(Entries taken from a collection)
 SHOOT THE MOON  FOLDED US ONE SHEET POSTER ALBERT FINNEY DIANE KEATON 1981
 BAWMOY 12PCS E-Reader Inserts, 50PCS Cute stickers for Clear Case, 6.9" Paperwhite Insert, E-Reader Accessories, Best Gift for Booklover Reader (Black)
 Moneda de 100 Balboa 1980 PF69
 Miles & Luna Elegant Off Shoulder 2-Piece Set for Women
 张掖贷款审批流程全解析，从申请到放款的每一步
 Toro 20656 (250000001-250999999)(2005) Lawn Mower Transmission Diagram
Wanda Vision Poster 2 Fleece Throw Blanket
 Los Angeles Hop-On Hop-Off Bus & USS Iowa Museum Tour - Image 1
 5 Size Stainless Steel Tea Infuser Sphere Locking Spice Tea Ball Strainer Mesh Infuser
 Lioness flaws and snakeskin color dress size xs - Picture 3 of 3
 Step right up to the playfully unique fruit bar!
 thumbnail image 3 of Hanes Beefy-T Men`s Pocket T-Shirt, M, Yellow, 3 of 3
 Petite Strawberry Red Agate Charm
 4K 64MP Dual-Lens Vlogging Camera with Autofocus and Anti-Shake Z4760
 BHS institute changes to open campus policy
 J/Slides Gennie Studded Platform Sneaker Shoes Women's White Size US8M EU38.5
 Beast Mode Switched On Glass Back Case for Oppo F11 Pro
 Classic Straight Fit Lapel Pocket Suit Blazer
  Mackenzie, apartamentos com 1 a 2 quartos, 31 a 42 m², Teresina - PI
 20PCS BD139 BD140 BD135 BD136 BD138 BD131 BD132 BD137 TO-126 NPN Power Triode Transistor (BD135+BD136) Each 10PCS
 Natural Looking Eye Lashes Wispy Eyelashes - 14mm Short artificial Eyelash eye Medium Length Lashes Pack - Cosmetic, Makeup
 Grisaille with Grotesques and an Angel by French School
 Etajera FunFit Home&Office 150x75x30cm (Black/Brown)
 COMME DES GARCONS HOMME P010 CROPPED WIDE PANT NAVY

REQUIRED ACTION >>
Copy range, inclusive: the line holding "张掖贷款审批流程全解析，从申请到放款的每一步" to the line holding "Petite Strawberry Red Agate Charm". Reproduce exactly those lines of the records above and no others.

ANSWER SPACE >>
 张掖贷款审批流程全解析，从申请到放款的每一步
 Toro 20656 (250000001-250999999)(2005) Lawn Mower Transmission Diagram
Wanda Vision Poster 2 Fleece Throw Blanket
 Los Angeles Hop-On Hop-Off Bus & USS Iowa Museum Tour - Image 1
 5 Size Stainless Steel Tea Infuser Sphere Locking Spice Tea Ball Strainer Mesh Infuser
 Lioness flaws and snakeskin color dress size xs - Picture 3 of 3
 Step right up to the playfully unique fruit bar!
 thumbnail image 3 of Hanes Beefy-T Men`s Pocket T-Shirt, M, Yellow, 3 of 3
 Petite Strawberry Red Agate Charm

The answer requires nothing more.